Lady Antebellum are revealing a few details about the tune 'Down South,' from their upcoming '747' album. The song, which was fortuitously found at the bottom of a pile when they were picking tracks for the record, quickly became one of their favorite songs off the project.

"I fell in love with the song, and the track, and the guitars and the vocals, and the message," Dave Haywood recalls, though he was unaware that the co-writer and demo singer was none other than Stephanie Chapman, the wife of the trio's longtime producer, Nathan Chapman.

"We gave it a lot more energy than what the demo had," Charles Kelley explains of their version. "The demo was a lot more 'American Honey,' and we gave it a little bit more of a rawness and an edge to it. It's not just about down south. It's about yearning for home, yearning for that familiarity of what you're used to and what you grew up with."

With lines like, "Religion and me don't always agree, but I sure love my Maker / Sounds just like a gospel song, when I sing my little prayer," the trio acknowledge the tune could be another career song.

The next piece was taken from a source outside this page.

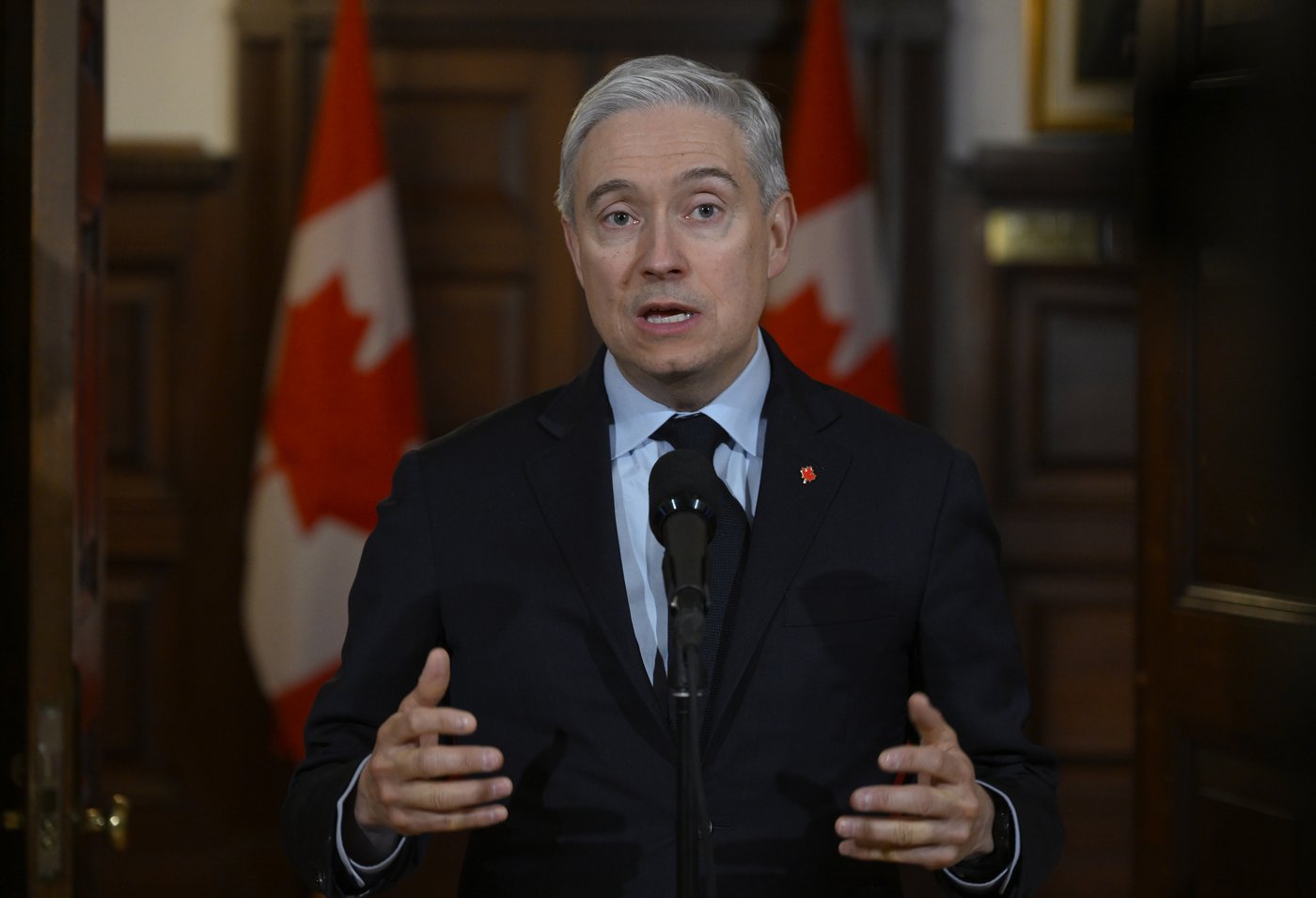 Propos de Trump: Ottawa rappelle les sacrifices des soldats canadiens en Afghanistan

"That second verse is one of my favorite verses in a song that I've heard in a really, really long time," Hillary Scott adds. "I feel like we found the golden ticket with that song."

'747' will be released on Sept. 30, and the date can't come quick enough for the threesome.

"We are pushing ourselves as a band and as songwriters … taking ourselves out of our comfort zone and not taking ourselves too seriously," Scott says. "There’s an urgency and an energy to it that we’ve never released before.”

“We had the opportunity to write with some new songwriters and really dig for outside songs that were songs we wish we’d written,” Haywood adds. “As we took them into the studio, we changed our approach and challenged ourselves to try some new things that were outside of what we’d done before.”